Sunday, February 26, 2017

Recent court ruling gets it right: the Second Amendment is NOT absolute

Fourth Circuit Court upholds SCOTUS precedent, maintains ban on “militarized” weapons is Constitutional

Last summer, I wrote about my belief that the Second Amendment of the U.S. Constitution wasn’t an absolute right — just as other amendments weren’t absolute either. You can’t defend yourself under the guise of the First Amendment speech rights if you errantly shout “fire” in a crowded theater; and likewise, there exists limits to what the Second Amendment right to owning a weapon protects.

Certainly there requires a spirited debate on where those limits exist. We should start that debate with the amendment itself, which states:
“A well regulated militia, being necessary to the security of a free state, the right of the people to keep and bear arms, shall not be infringed.”
Image via Wikipedia, by user M62
In June of 2016, I wrote that, “It is not an infringement on Second Amendment rights to regulate which weapons can be sold, and how they can be sold. The word ‘regulated’ appears in the amendment itself, and it never states that ownership of all weapons is a protected right.”

This past week, the Fourth Circuit U.S. Court of Appeals made a similar argument when it ruled that restrictions of certain weapons in the state of Maryland were Constitutional.

Shortly after the Sandy Hook shooting massacre in December of 2012, in which 20 elementary students and six faculty members were killed, Maryland passed strict rules on gun ownership — including banning ownership of AR-15 assault rifles and high round capacity magazines.

By a 10-4 en banc ruling, the Fourth Circuit Court asserted that such a law was in fact Constitutional because, they pointed out, the Second Amendment does not create an unlimited right to own all weaponry.
We conclude … that the banned assault weapons and large-capacity magazines are not protected by the Second Amendment. That is, we are convinced that the banned assault weapons and large-capacity magazines are among those arms that are 'like' 'M-16 rifles' — 'weapons that are most useful in military service' — which the Heller Court singled out as being beyond the Second Amendment’s reach.

Put simply, we have no power to extend Second Amendment protection to the weapons of war that the Heller decision explicitly excluded from such coverage.
The Heller decision, of course, lifted restrictions on gun ownership in Washington D.C. But the Supreme Court, in its 5-4 decision, understood that a completely unrestricted right to gun ownership wasn’t what they were seeking to establish — rather, they wanted to lift specific restrictions to ownership.

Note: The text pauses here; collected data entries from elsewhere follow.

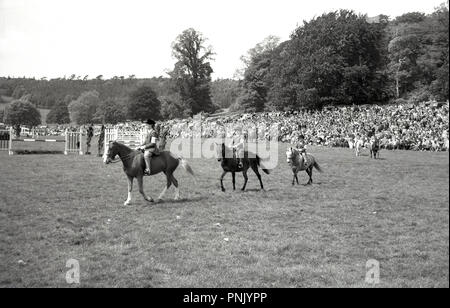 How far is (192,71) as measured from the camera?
80625 millimetres

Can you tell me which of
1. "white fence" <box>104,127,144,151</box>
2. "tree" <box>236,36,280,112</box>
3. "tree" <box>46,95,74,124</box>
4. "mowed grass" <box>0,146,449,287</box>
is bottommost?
"mowed grass" <box>0,146,449,287</box>

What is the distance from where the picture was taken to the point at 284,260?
24.6 ft

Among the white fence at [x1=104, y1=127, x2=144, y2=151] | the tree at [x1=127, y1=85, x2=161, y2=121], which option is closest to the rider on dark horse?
the white fence at [x1=104, y1=127, x2=144, y2=151]

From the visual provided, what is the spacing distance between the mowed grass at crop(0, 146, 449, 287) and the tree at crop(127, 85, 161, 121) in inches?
3248

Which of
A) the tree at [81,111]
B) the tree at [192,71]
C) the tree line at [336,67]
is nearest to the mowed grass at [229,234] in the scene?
the tree line at [336,67]

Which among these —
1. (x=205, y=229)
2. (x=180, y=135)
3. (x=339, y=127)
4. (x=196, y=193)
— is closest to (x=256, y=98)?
(x=180, y=135)

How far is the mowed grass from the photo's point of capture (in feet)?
21.8

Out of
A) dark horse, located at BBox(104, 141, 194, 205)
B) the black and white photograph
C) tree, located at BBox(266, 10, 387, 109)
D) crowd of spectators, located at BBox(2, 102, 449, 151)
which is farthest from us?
tree, located at BBox(266, 10, 387, 109)

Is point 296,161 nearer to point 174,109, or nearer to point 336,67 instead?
point 336,67

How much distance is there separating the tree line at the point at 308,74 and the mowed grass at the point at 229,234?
18.7m

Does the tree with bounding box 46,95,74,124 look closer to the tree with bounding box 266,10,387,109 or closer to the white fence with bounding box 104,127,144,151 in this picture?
the tree with bounding box 266,10,387,109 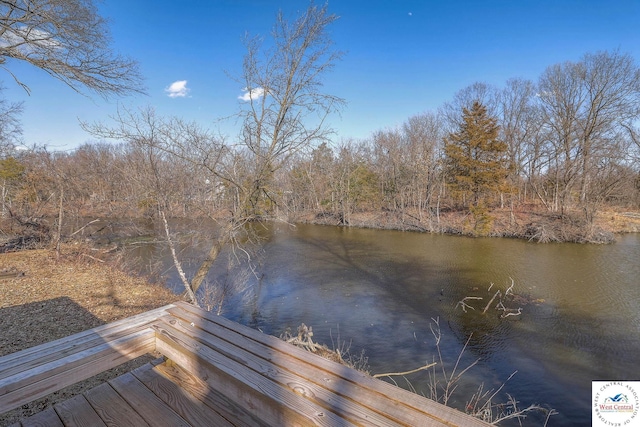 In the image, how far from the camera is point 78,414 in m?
1.63

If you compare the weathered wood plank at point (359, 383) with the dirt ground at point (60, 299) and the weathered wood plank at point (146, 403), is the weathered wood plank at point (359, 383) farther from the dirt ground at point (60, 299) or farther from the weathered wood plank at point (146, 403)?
the dirt ground at point (60, 299)

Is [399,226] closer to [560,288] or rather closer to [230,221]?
[560,288]

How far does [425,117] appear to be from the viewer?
2683cm

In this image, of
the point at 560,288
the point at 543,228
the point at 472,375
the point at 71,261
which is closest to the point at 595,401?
the point at 472,375

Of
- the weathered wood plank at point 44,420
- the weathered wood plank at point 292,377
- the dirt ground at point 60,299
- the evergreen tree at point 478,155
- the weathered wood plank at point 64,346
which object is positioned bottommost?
the dirt ground at point 60,299

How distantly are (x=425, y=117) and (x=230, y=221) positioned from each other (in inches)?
949

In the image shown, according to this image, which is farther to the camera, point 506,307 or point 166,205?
point 506,307

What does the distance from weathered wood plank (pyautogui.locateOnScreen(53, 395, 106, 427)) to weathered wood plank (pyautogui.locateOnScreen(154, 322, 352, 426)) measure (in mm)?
417

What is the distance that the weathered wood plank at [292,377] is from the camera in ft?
3.89

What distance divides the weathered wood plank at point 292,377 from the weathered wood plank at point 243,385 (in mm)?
23

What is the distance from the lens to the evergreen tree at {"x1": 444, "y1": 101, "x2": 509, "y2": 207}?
20844 mm

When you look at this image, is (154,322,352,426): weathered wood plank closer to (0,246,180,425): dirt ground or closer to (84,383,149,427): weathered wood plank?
(84,383,149,427): weathered wood plank

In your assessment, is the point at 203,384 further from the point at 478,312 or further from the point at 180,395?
the point at 478,312

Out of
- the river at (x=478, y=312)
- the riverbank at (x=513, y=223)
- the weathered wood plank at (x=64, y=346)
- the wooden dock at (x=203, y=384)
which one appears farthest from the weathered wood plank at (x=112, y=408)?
the riverbank at (x=513, y=223) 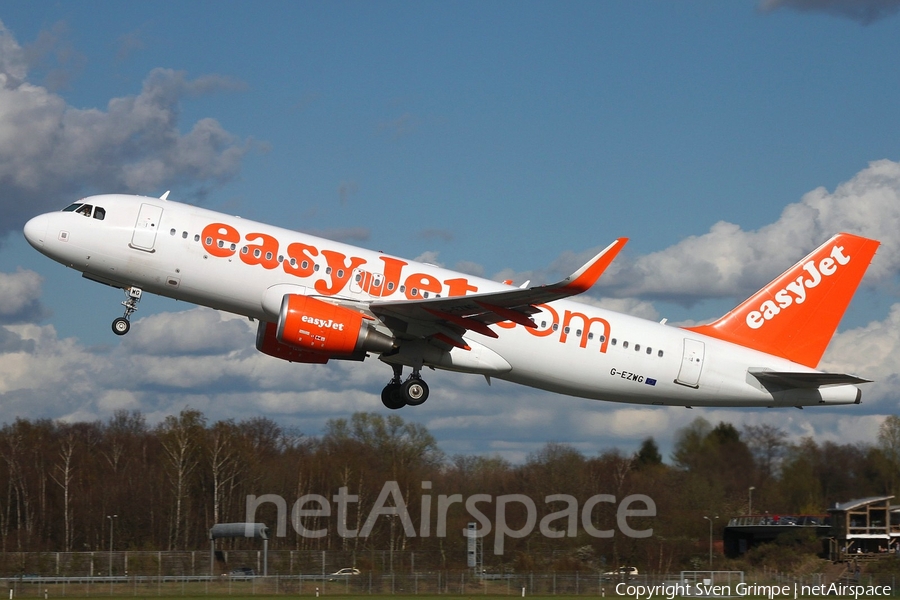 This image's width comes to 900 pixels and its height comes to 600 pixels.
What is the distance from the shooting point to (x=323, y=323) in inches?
1188

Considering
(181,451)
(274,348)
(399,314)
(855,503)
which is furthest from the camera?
(181,451)

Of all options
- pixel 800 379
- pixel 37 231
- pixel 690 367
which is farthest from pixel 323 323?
pixel 800 379

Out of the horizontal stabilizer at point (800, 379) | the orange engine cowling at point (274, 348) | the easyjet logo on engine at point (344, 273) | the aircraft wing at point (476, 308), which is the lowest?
the horizontal stabilizer at point (800, 379)

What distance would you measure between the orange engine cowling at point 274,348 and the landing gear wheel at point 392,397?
242cm

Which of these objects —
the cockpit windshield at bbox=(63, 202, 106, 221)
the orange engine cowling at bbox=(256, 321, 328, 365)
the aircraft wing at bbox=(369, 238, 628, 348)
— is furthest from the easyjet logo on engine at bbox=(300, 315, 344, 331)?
the cockpit windshield at bbox=(63, 202, 106, 221)

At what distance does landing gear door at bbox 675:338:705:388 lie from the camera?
34.4 meters

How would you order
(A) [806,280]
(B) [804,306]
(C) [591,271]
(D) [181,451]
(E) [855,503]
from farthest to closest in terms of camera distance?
(D) [181,451], (E) [855,503], (A) [806,280], (B) [804,306], (C) [591,271]

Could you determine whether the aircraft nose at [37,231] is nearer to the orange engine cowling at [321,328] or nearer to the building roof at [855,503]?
the orange engine cowling at [321,328]

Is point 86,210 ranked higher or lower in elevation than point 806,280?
higher

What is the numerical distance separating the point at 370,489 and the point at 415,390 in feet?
88.1

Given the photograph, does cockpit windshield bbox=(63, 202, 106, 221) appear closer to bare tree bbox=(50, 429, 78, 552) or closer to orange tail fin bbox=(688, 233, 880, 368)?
orange tail fin bbox=(688, 233, 880, 368)

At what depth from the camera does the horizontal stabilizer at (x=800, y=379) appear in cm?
3366

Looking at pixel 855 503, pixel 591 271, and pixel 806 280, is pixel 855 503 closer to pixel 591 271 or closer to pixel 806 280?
pixel 806 280

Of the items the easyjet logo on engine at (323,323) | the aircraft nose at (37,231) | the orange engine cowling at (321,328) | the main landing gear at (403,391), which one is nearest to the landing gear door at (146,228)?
the aircraft nose at (37,231)
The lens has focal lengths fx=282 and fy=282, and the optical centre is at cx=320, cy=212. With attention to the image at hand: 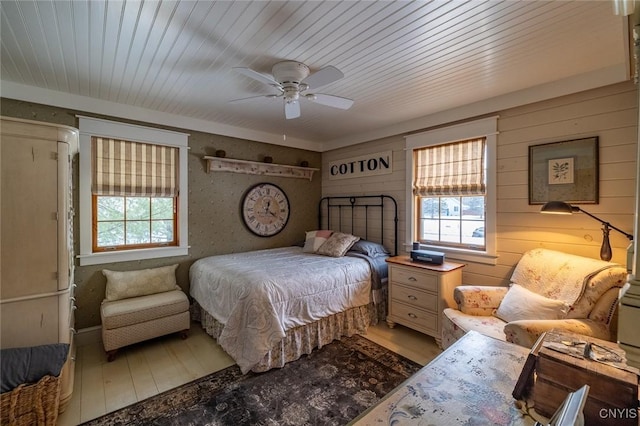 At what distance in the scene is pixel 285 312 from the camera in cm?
247

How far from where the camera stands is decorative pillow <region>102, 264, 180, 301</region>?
289 cm

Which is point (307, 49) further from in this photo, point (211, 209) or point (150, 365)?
point (150, 365)

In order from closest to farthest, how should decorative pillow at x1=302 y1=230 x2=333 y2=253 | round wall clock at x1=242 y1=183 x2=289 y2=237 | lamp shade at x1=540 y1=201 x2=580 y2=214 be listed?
lamp shade at x1=540 y1=201 x2=580 y2=214 → decorative pillow at x1=302 y1=230 x2=333 y2=253 → round wall clock at x1=242 y1=183 x2=289 y2=237

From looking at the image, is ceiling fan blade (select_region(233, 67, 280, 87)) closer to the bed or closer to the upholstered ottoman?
the bed

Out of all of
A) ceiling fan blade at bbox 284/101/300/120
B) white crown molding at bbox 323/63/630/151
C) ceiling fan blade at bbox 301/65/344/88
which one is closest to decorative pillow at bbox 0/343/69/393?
ceiling fan blade at bbox 284/101/300/120

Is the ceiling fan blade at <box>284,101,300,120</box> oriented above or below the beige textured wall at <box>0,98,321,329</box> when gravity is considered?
above

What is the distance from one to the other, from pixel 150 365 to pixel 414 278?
2.63m

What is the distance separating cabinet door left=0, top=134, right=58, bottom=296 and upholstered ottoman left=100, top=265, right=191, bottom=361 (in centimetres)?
87

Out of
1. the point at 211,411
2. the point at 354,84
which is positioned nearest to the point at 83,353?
the point at 211,411

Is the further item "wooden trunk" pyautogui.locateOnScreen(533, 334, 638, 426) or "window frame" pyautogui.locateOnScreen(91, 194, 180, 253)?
"window frame" pyautogui.locateOnScreen(91, 194, 180, 253)

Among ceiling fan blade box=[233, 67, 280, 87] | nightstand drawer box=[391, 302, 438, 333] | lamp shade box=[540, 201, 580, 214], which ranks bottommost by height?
nightstand drawer box=[391, 302, 438, 333]

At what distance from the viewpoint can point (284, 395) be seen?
6.87 feet

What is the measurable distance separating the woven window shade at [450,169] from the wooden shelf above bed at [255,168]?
176cm

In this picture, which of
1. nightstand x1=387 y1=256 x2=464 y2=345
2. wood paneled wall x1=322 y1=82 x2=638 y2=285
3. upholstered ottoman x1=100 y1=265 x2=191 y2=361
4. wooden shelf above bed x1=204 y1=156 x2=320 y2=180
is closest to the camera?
wood paneled wall x1=322 y1=82 x2=638 y2=285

Even the late Justice Antonin Scalia himself, a staunch defender of gun rights, wrote in Heller:
Like most rights, the right secured by the Second Amendment is not unlimited. From Blackstone through the 19th-century cases, commentators and courts routinely explained that the right was not a right to keep and carry any weapon whatsoever in any manner whatsoever and for whatever purpose. ...

We also recognize another important limitation on the right to keep and carry arms.
Miller said, as we have explained, that the sorts of weapons protected were those “in common use at the time.” We think that limitation is fairly supported by the historical tradition of prohibiting the carrying of “dangerous and unusual weapons.”
(Emphases in bold mine.)

The ruling made by the Fourth Circuit Court deserves to be upheld, even if President Donald Trump’s pick to the Supreme Court is confirmed by the time an appeal reaches the Court. Scalia and other conservative justices signed off on Heller defending the notion that restrictions on unusual or militarized weapons were congruent with the founders intentions. That standard ought to be preserved.